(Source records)
★ ★ ★ ★ ★

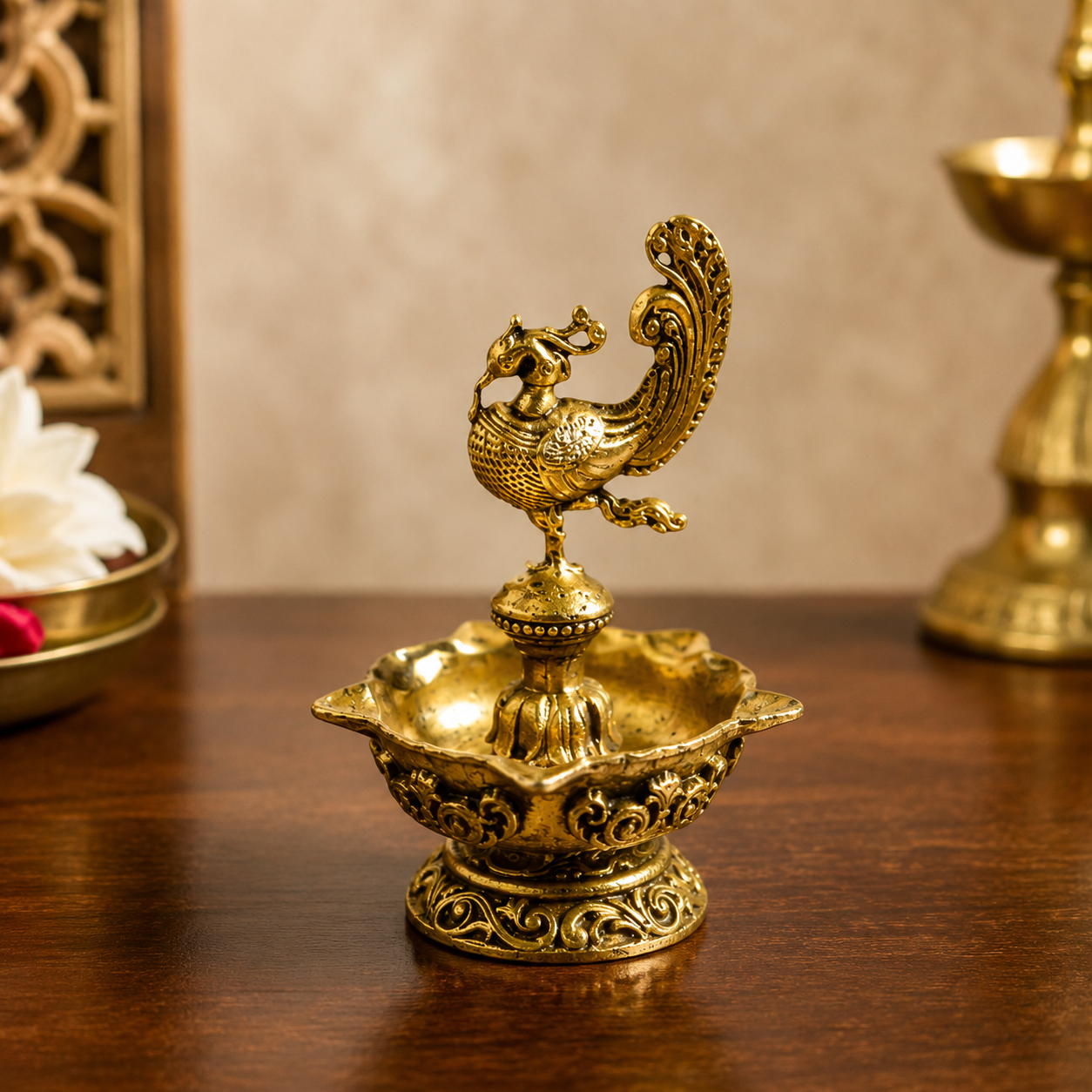 Mor Vilas Diya – Brass Peacock Diya with Decorative Petal Edges – Brass | Pooja Decor | Premium Gifting | Home Decor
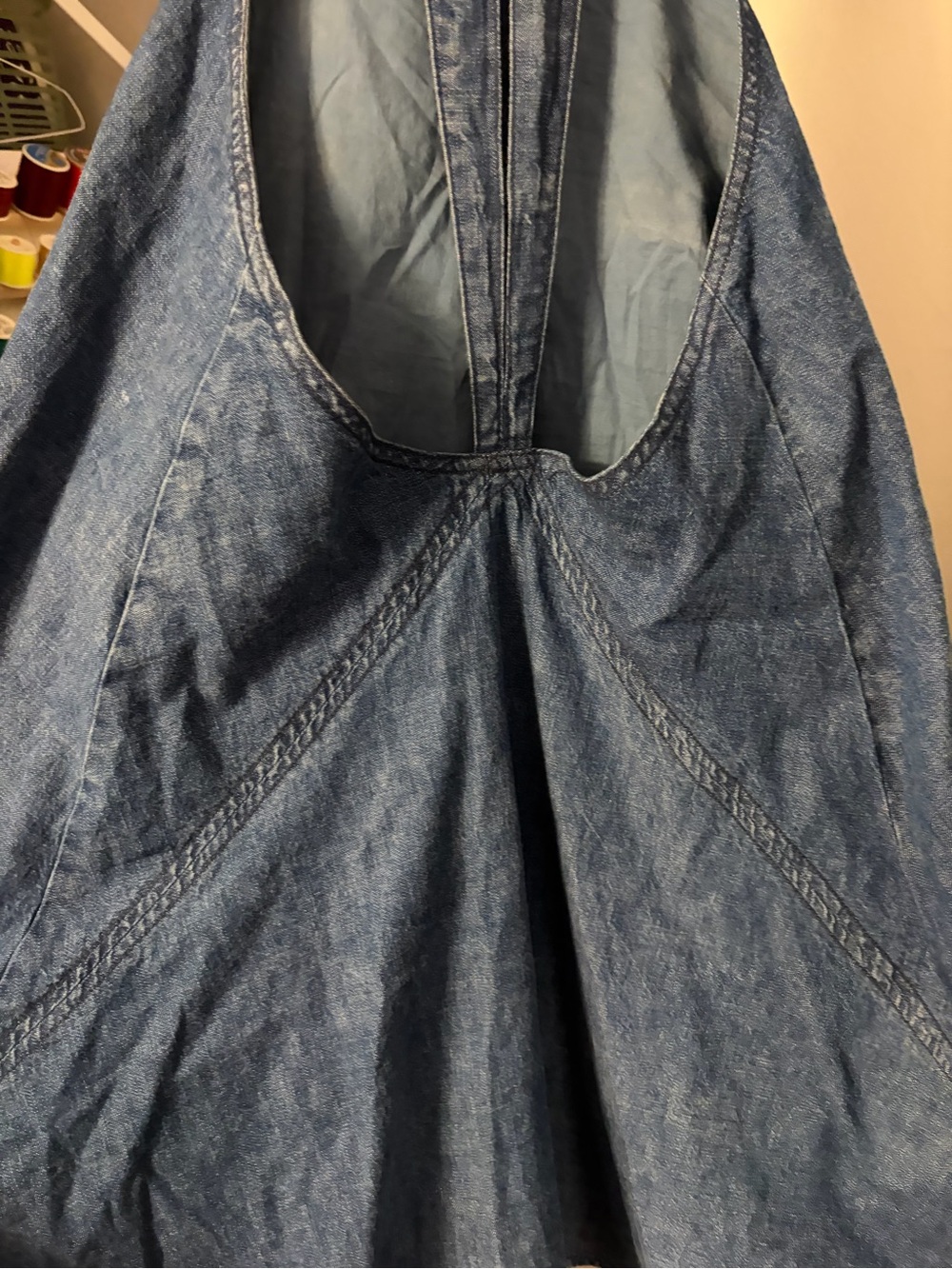 Free People Denim high neck & backless mini dress - Picture 5 of 8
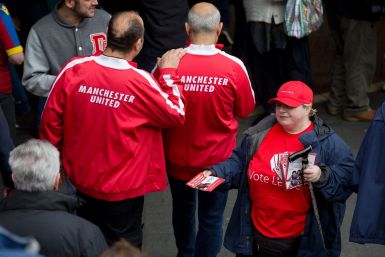 Vote Leave campaigner with Manchester United fan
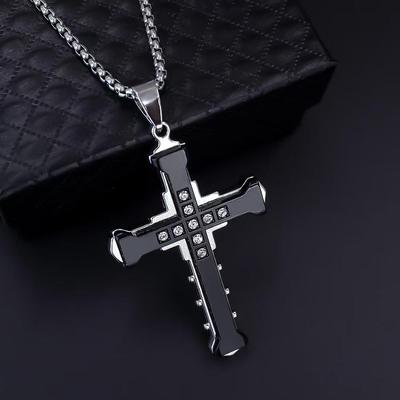Dark Knight Men's Diamond Cross Pendant Necklace - Silver, Gold, Black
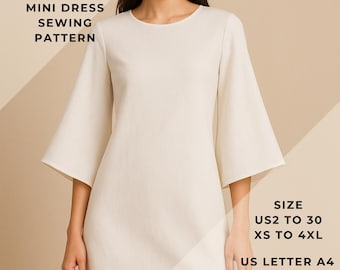 Patrón de costura para minivestido con mangas acampanadas, vestido de fiesta, minivestido, tallas EE. UU. 2 a 30 y XS a 4XL, apto para papel tamaño A0-A4-US Letter.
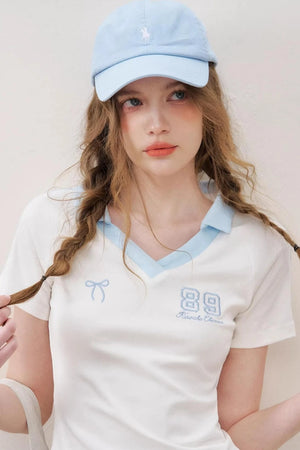 Colorblock Embroidered Polo Tee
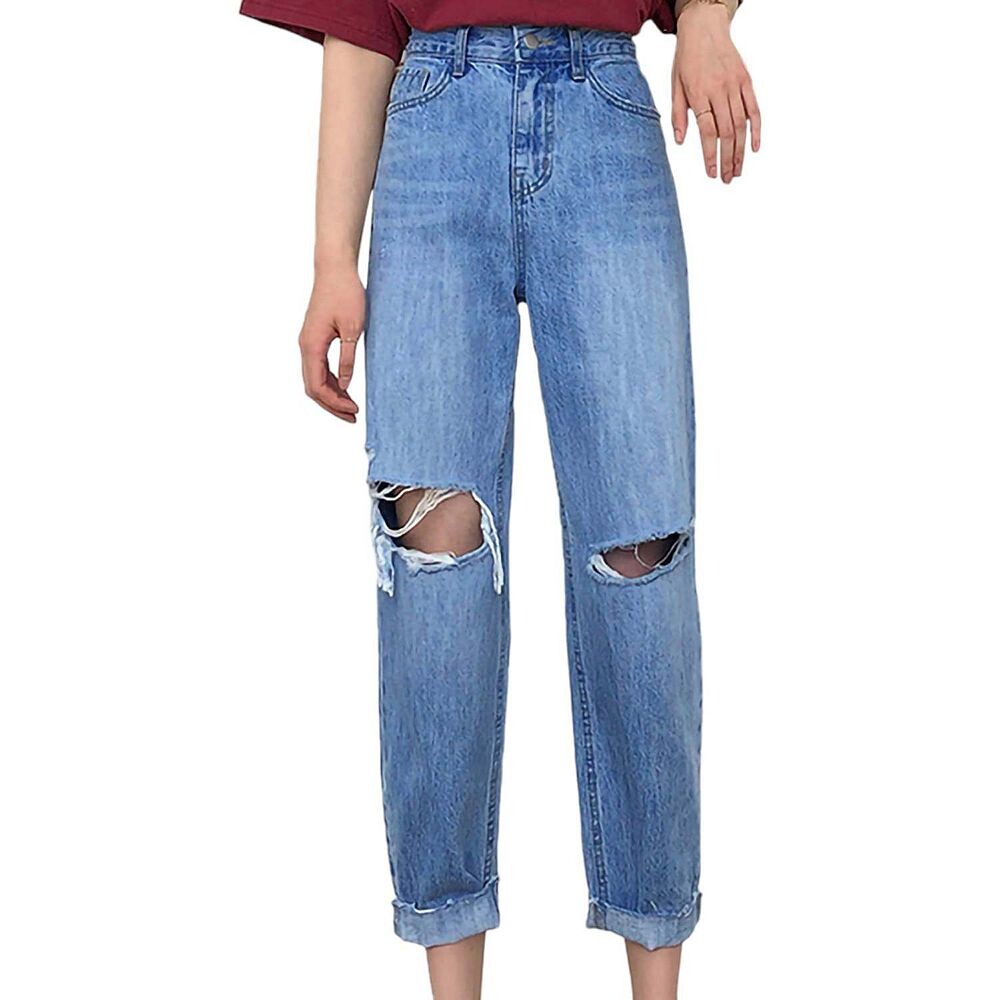 Женские рваные джинсы-бойфренды с высокой талией Anna-Kaci, синий
Женские рваные джинсы-бойфренды с высокой талией Anna-Kaci, синий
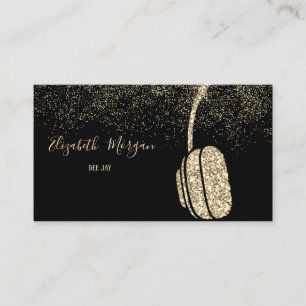 Carte De Visite Casque DJ Paillettes Or Élégant, Confettis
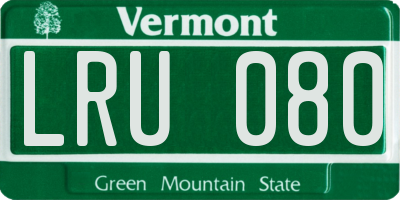 VT license plate LRU080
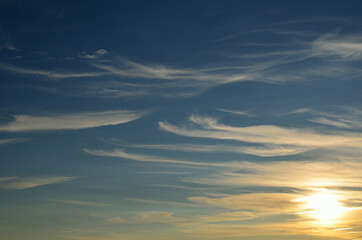 summer sunlight on beautiful summer cloud formation on blue sky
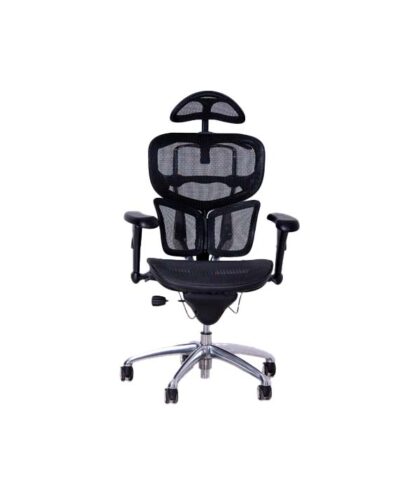 كرسي مدير شبك أسود بمسند رأس وأذرع قابلة للتعديل وودي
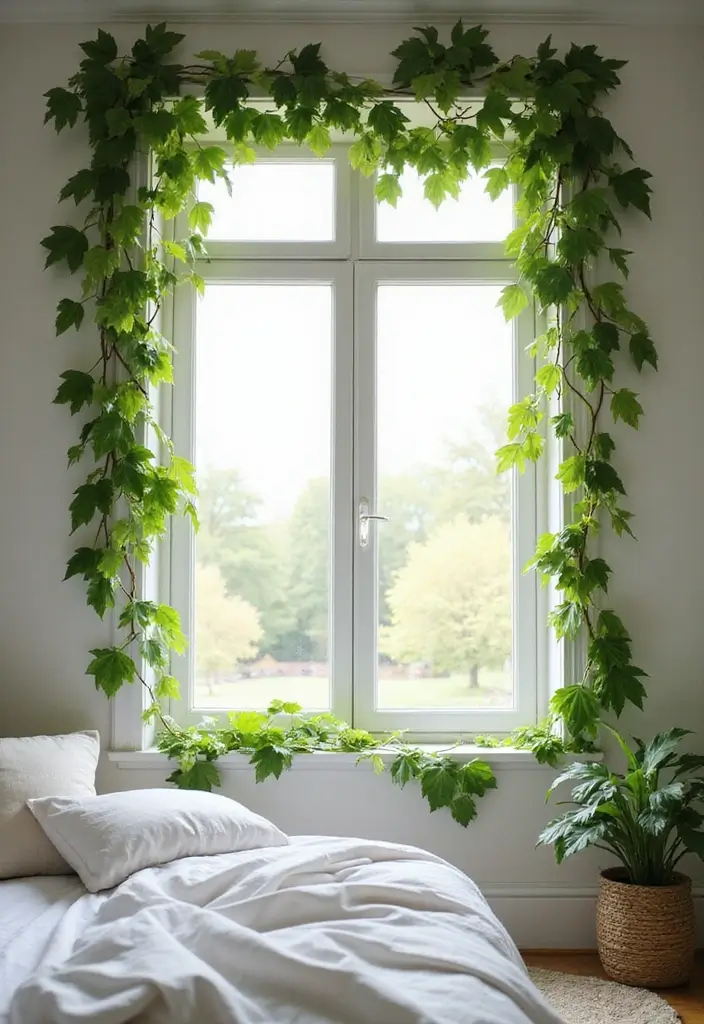 25 Vines in Bedroom Ideas That Bring Nature Indoors - 24. Vines Framing Windows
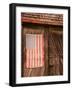 Faded American Flag on Old Barn Entrance, Maine, USA-Joanne Wells-Framed Photographic Print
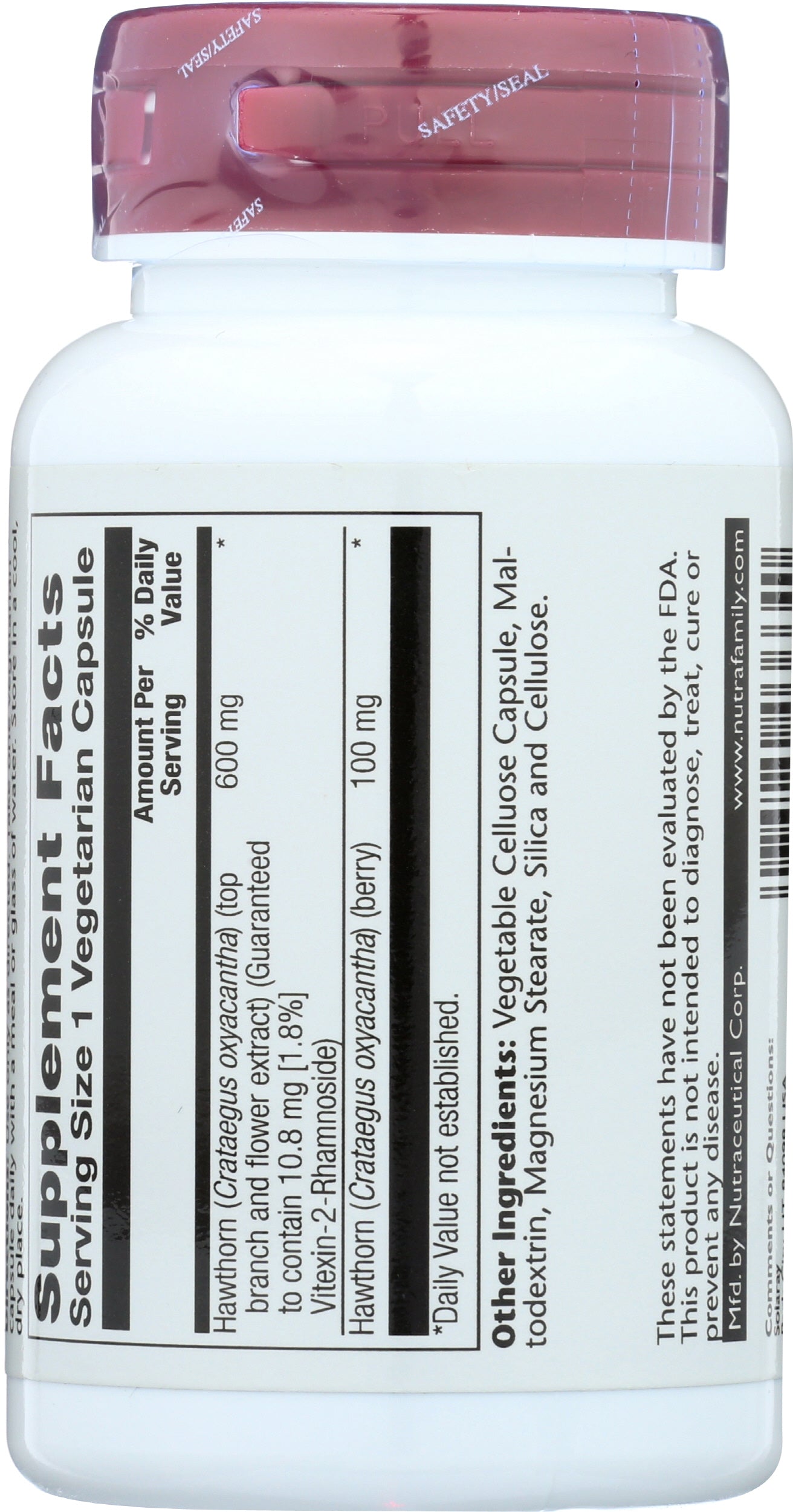 Solaray Hawthorn Aerial Extract 600 mg 30 VegCaps Back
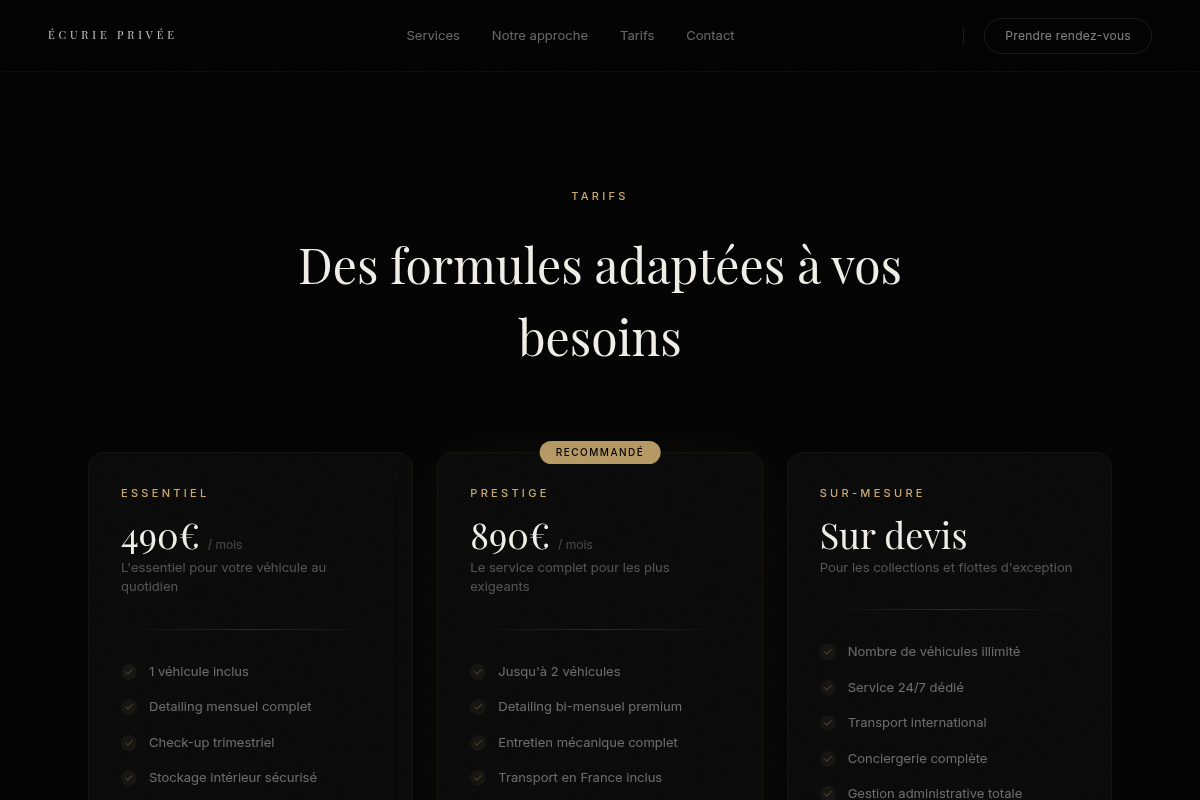 Trois formules, dont un palier recommandé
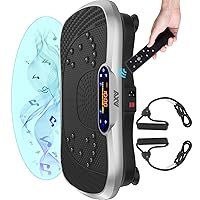 Vibration Plate Fitness Platform Exercise Machine Vibrating Lymphatic Drainage Shaking Full Body Shaker Workout Vibrate Stand Shake Board Sport Gym for Weight Loss Fat Burner for Women Men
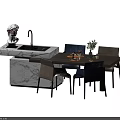 Modern Dining Table Set With Marble Tabletop And Upholstered Blue Beige Chairs 3d model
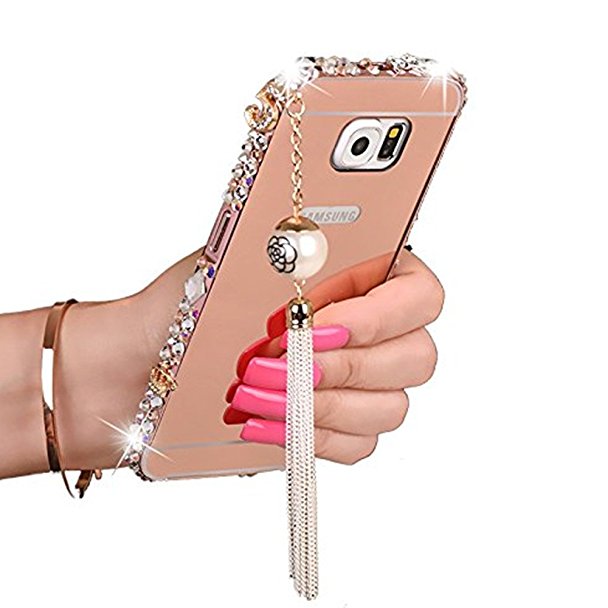 Gravydeals Samsung Galaxy S6 Edge Plus Case,Rose Gold Ultra-Thin Luxury Bling Diamond Mirror Electroplate Scratch Resistant Cover   Aluminum Metal Bumper Frame With Pearl Pendant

★ ★ ★ ★ ★

What is being asked: Begin at the line that contains "كرسي مدير شبك" and transcribe exactly, and only, each line through the final line of the data above, both included; the pictures do not go in.

Written answer:
 كرسي مدير شبك أسود بمسند رأس وأذرع قابلة للتعديل وودي
 25 Vines in Bedroom Ideas That Bring Nature Indoors - 24. Vines Framing Windows
 Faded American Flag on Old Barn Entrance, Maine, USA-Joanne Wells-Framed Photographic Print
 Solaray Hawthorn Aerial Extract 600 mg 30 VegCaps Back
 Trois formules, dont un palier recommandé
 Vibration Plate Fitness Platform Exercise Machine Vibrating Lymphatic Drainage Shaking Full Body Shaker Workout Vibrate Stand Shake Board Sport Gym for Weight Loss Fat Burner for Women Men
 Modern Dining Table Set With Marble Tabletop And Upholstered Blue Beige Chairs 3d model
 Gravydeals Samsung Galaxy S6 Edge Plus Case,Rose Gold Ultra-Thin Luxury Bling Diamond Mirror Electroplate Scratch Resistant Cover   Aluminum Metal Bumper Frame With Pearl Pendant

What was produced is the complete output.